なぜ?理由もないのに「心がザワつく」3つの隠れた原因
まず最初に知っておいてほしいのは、「心がザワつく」のは、あなたが弱いからでも、おかしいからでもない、ということです。
それは、誰にでも起こりうる、ごく自然な心の反応。
多くの場合、その正体は、自分でも気づかないうちに心の中に溜め込んでしまった「未消化の感情」や「思考のクセ」にあります。
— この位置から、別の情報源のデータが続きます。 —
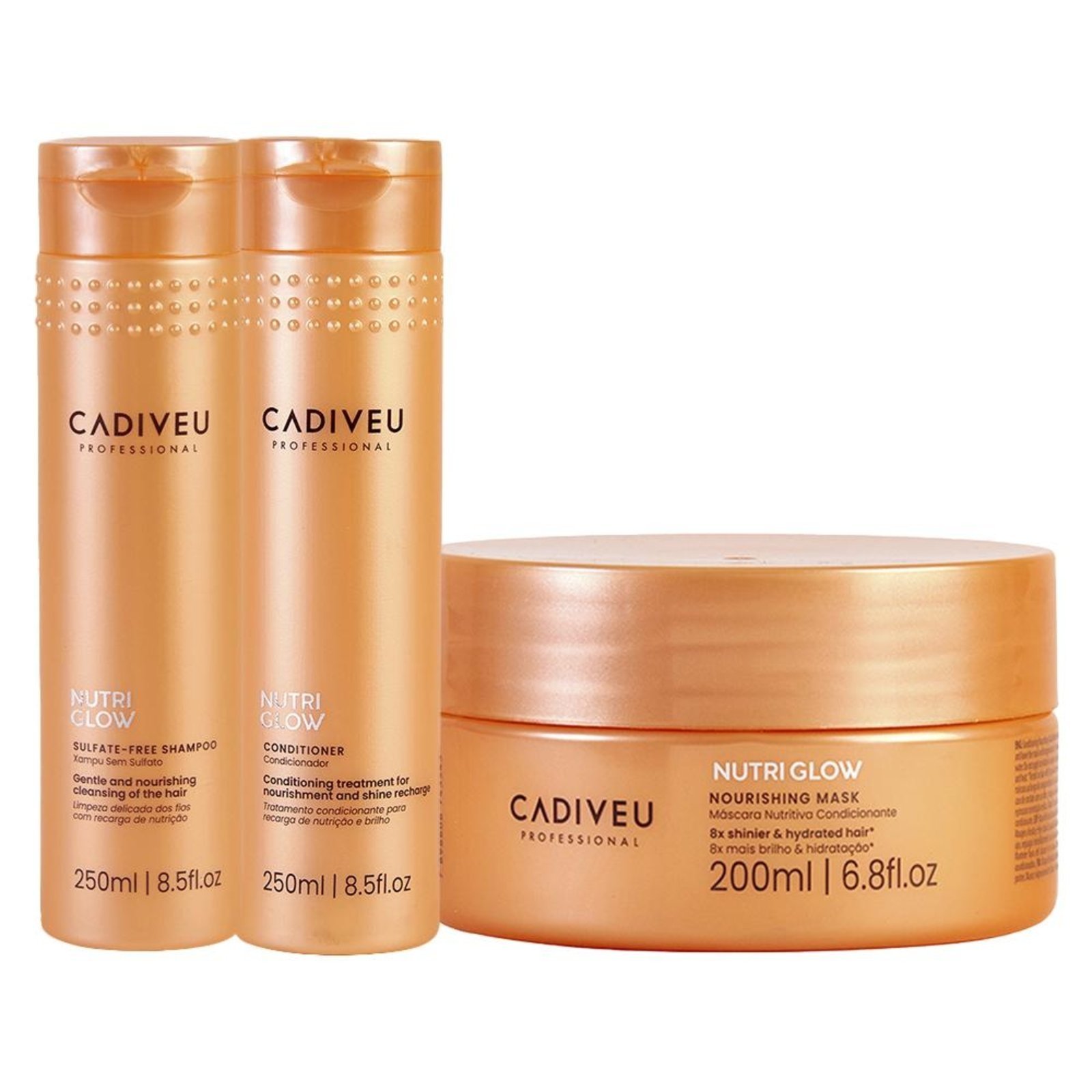 Kit Cadiveu Nutri Glow - Shampoo + Condicionador + Máscara Nutrição 200ml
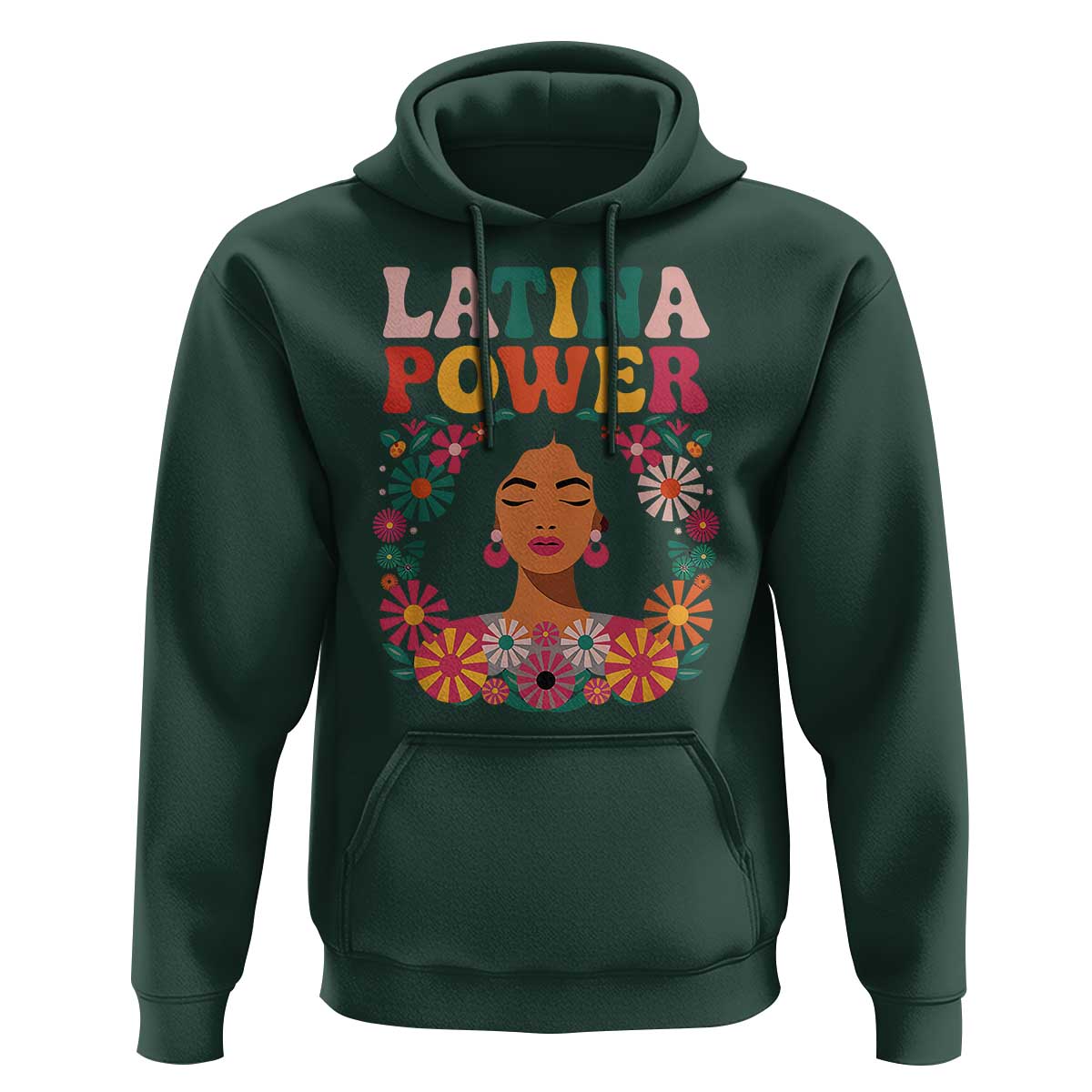 Latina Power Hoodie Floral Hispanic Heritage - Wonder Print Shop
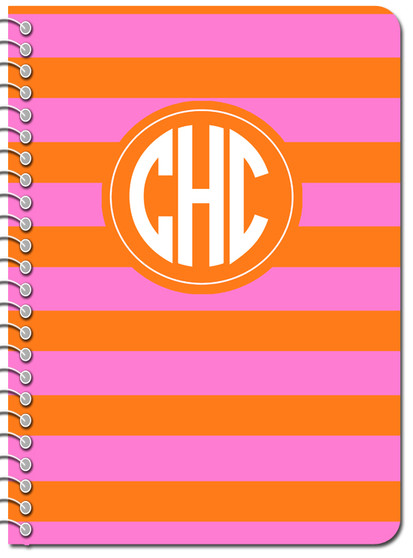 Composition Notebook-Orange Hot Pink Rugby (DESIGN IT YOURSELF)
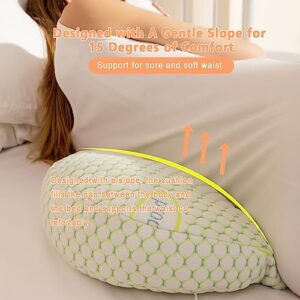 SESI Pregnancy Pillows for Sleeping, Maternity Pillow for Pregnant Women with Detachable and Adjustable Pillow Cover - Pregnancy Body Pillow Support for Back, Legs, Belly, Hips (Green)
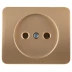 Розетка СВЕТОЗАР &quot;ГАММА&quot; без заземления, одинарная, без вставки и рамки, цвет золотой металлик, 16А/~250В SV-54100-GM купить в Губкинске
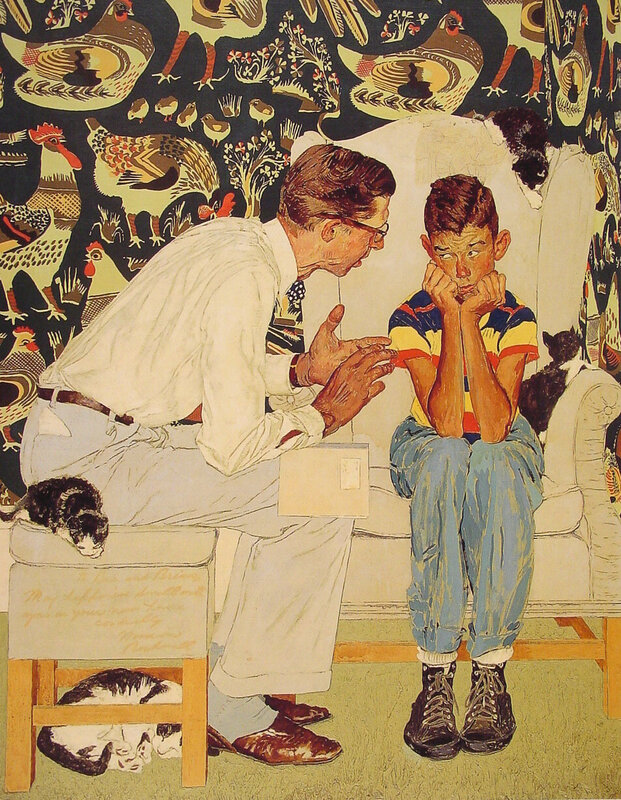 Father talking to son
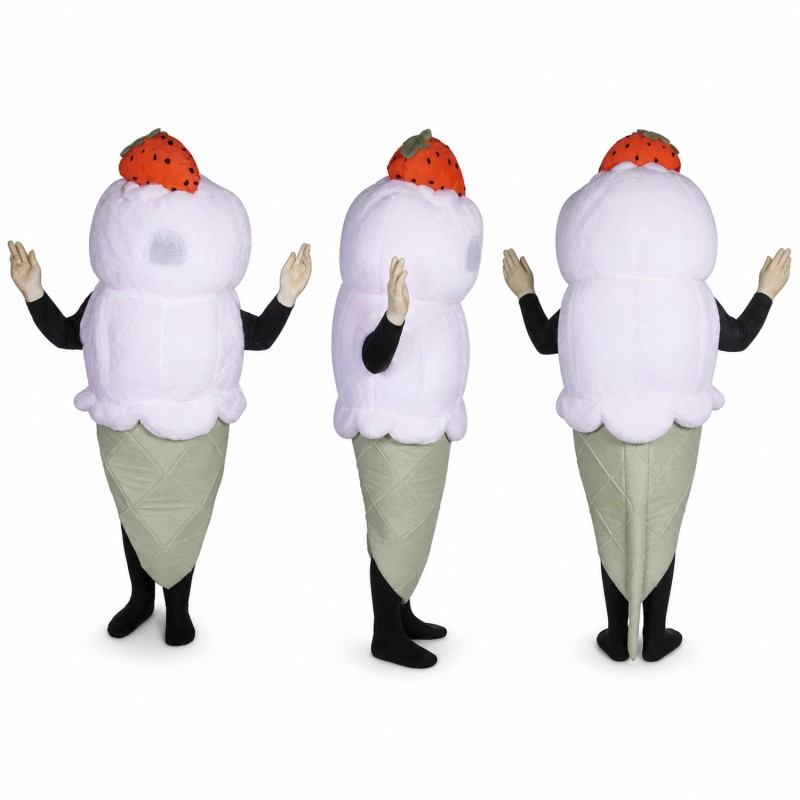 Ice Cream Cone Mascot Costume with Purple Scoop and Red Topping Adult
原因1:見て見ぬふりをした「感情」にフタをしていませんか?
私たちは、周りの人に気を遣ったり、社会人として「ちゃんとしなきゃ」と思う中で、無意識のうちに自分の本当の感情にフタをしてしまうことがあります。
「こんなことでイライラするなんて、大人げない」
「悲しい顔を見せたら、場の空気が悪くなるかも…」
そうやって見ないふりをした感情は、決して消えてなくなるわけではありません。
心の奥底にある“クローゼット”に少しずつ押し込まれていき、行き場をなくした感情が「なんだかよくわからない不安」や「焦り」として、ドアの隙間から漏れ出してくるのです。
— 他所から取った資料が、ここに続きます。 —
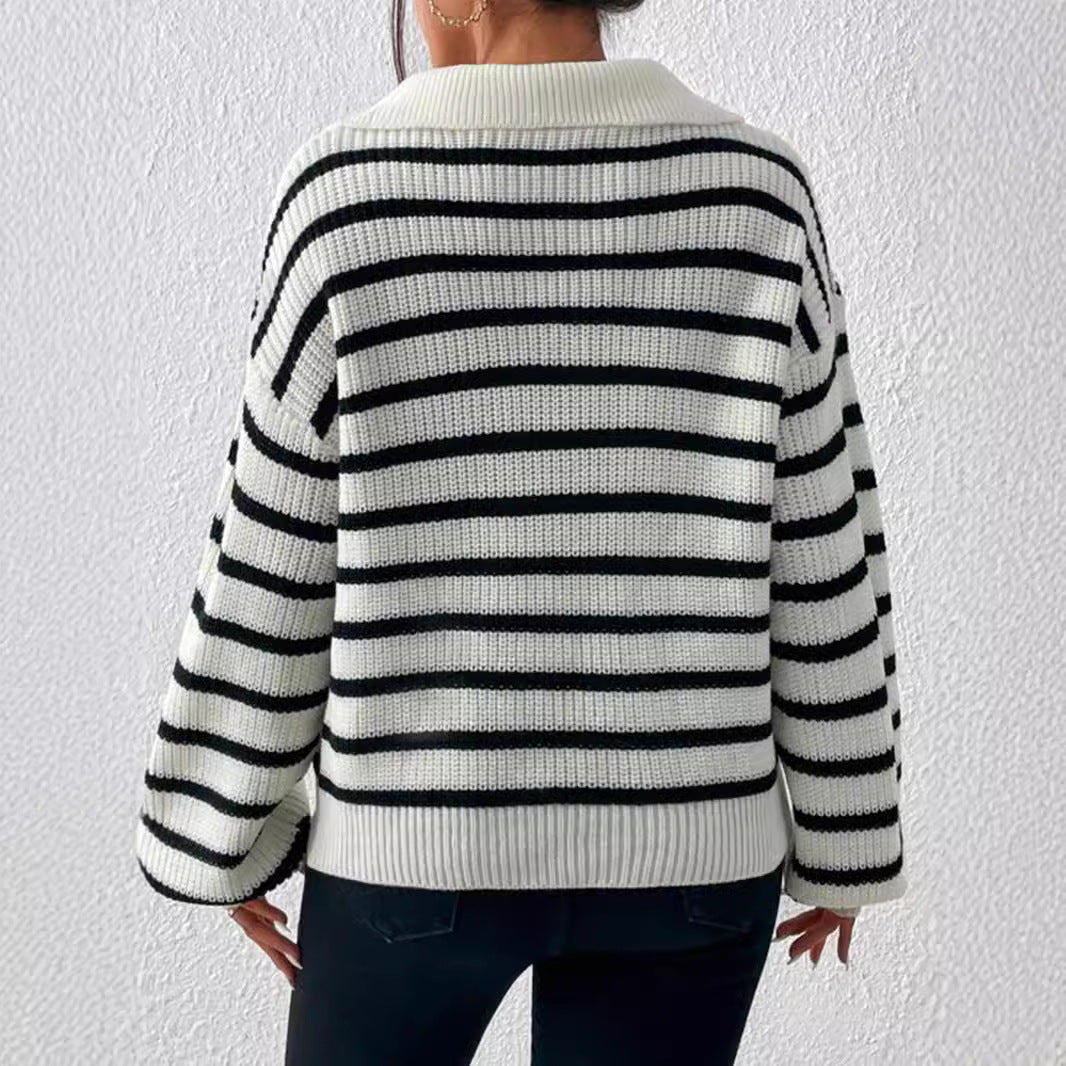 Damer stilfull stickad tröja med hög krage och avslappnad passform Mirla-Eva Jonsson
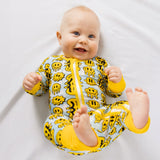 TRIPPY SMILES BLUE BAMBOO ZIPPY - Aaria Tees Aaria Tees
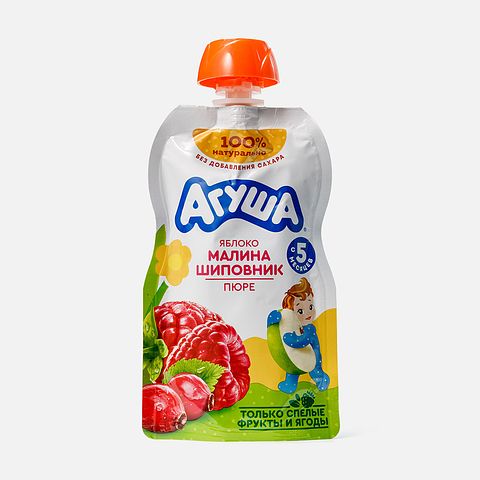 Изображение товара Фруктовое пюре Агуша, яблоко, малина и шиповник, с 5 месяцев, 90 г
原因2:知らず知らずのうちに「他人軸」で生きていませんか?
「みんなはどう思うだろう?」
「パートナーに嫌われないためには、どうすればいい?」
他人の評価や期待に応えることばかりを優先し、自分の「やりたい」「やりたくない」という心の声を後回しにしていませんか?
このような「他人軸」で生きていると、常に周りの顔色をうかがうことになり、心が休まる暇がありません。
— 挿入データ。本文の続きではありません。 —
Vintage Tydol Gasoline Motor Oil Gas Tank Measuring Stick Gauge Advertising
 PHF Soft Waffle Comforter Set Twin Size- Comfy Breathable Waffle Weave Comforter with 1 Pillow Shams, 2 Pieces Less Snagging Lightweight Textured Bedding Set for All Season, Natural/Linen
「本当の自分」と「周りに見せている自分」との間にズレが生じ、その違和感が「心がザワつく」という形で現れることも少なくないのです。
原因3:まだ起きていない“未来”の不安に飲み込まれている
「もし、仕事で大きなミスをしたらどうしよう…」
「この先、ずっと一人だったらどうしよう…」
特に、真面目で責任感の強いあなたほど、まだ起きてもいない未来のリスクを考えすぎてしまい、「今、ここ」にある穏やかさを見失いがちです。
頭の中が、未来の心配事でいっぱいになり、心が常に落ち着かない状態になってしまいます。
「内観」で不安の根本原因を探る、優しい3ステップ
では、どうすれば心の中にある「ザワつき」の根本原因を見つけることができるのでしょうか?
そのための最もシンプルで強力な方法が「内観(ないかん)」です。
内観とは、静かな環境で、自分の心の内側を深く見つめ、自分自身と対話すること。難しく考える必要はありません。
今日からすぐに始められる、具体的な3つのステップをご紹介します。
ステップ1:【準備】安心できる「聖域」と時間を確保する
まずは、誰にも邪魔されない、あなたが「安心できる」と感じる時間と場所を用意しましょう。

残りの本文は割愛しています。